Microsoft describes Outlook 98 as a desktop information manager. It combines a sophisticated electronic mail client with a calendar, contact manager, To Do list, journal and sticky note pad. The new version comes as an upgrade to the product first shipped as part of the Office 97 suite.

Installing the new version of Outlook from the Internet is tempting but requires a time-consuming download from busy Web servers. We found it difficult to use the same installation files on multiple machines and were forced to install from the Internet instead of a local server. Installing from a CD copy of the product proved to be well worth the $14.95 investment.

Once installed, Outlook 98 adapts easily to its new environment. It can automatically detect a previously installed copy of Netscape Communications Corp.'s Mail and Messenger or Qualcomm Inc.'s Eudora series of messaging clients. The installation wizard asks if you want to convert the messages and folders from the existing products and transfer your contact information and Internet mail configurations. In so doing, we needed to do very little manual cleanup after the conversion.

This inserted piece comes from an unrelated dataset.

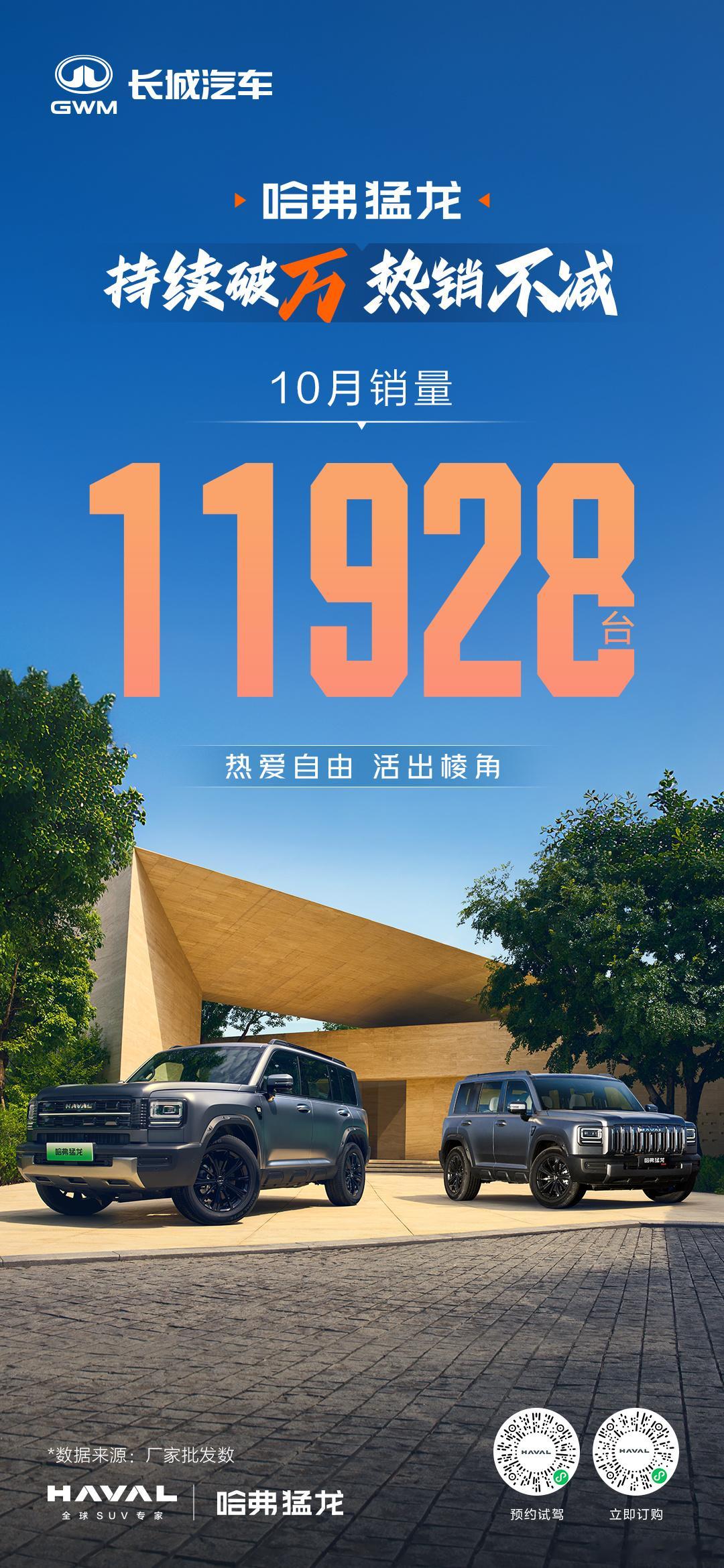 持续破万热销不减哈弗猛龙10月销量11928台热爱自由活出棱角以硬核实力成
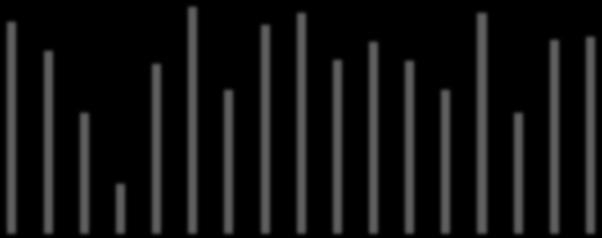 2, kommunevis, 2 18 16 1 12 1,1 16,5 15,5 11,9 18,7 1,6 16,1 19,8 18,6 1, 11, 15, 17, 16,2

As a mail client, Outlook 98 has become a formidable presence. Reflecting Exchange's recent Internet mail improvements, Outlook 98 is a client with multiple personalities: an effective client in corporate Exchange networks as well as in Internet-based mail networks. The user interface for mail is extremely customizible, allowing you to use a series of predefined views or develop your own. A typical Outlook 98 workspace can also provide automatic previews of messages in a small panel at the bottom of the screen. There's no need to actually open the messages to get a glimpse of their contents.

Outlook 98 has dramatically upgraded its rules and filtering engine to help users bring order to their incoming mail. A well-designed Rules Wizard enables even novice users to build mail filters through a simple, nontechnical interface. The Rules Wizard is complemented by a spam and adult e-mail filter engine that we found very simple to use, but sadly ineffective in practice.

Outlook has always attempted to move beyond electronic mail into the realm of scheduling and contact management. The Outlook 98 client's scheduling tool will be the second most useful feature for those in enterprise networks. Microsoft has paid attention to the way people actually work with a personal information manager by allowing users to open the scheduling and calendar tools without having to discard the current view. If you are churning through your incoming mail and receive a request to join a meeting, you can simply open the calendar in an entirely new window, check the meeting time and then return to your undisturbed mail window.

Outlook's emphasis on ease of use extends to all aspects of the product through a feature called Organize. Organize neatly inserts itself into your current view so that you don't have to switch between windows to take advantage of the wizard's features. When we used the Organize feature with mail we were impressed by how easily we could arrange, code and filter messages without having to learn a scripting language. In territory that might be less familiar to a user, the Organize feature really shines, making complex management of contacts and scheduling as easy as moving through a few nontechnical dialogs.

The original version was widely condemned because of its slow operation with Exchange servers, poor integration with Internet mail and notoriously resource-hungry operation. In large networks with busy servers -- and on client machines with large personal information stores -- Outlook was slow to load and move between functions. We compared a client running the older version of Outlook against a similar client running the new version and found that program startup had improved dramatically. Switching between tasks -- for instance, moving between the mail client and the contact manager -- has also been improved, but not as much as program startup. Starting up Word as your electronic mail editor, once an opportunity to take a coffee break, is now more efficient. Outlook is still not nimble, but this new version is an improvement.

Outlook 98's $109 ticket, or lack of a price tag for upgrades, hides the substantial workstation and support cost of the Outlook platform. For corporate networks with an existing investment in Outlook 97 or Exchange-based mail systems, the upgrade is free, so the decision should be a cinch: Outlook 98 is faster, more powerful and easier to use. For those organizations looking for a mail client integrated with personal management tools, Outlook has finally become a worthy competitor in the marketplace. Those looking only for an Internet mail client will probably find Outlook's features to be a bit overkill. For them, Outlook 98's smaller cousin, Outlook Express, might make a better choice.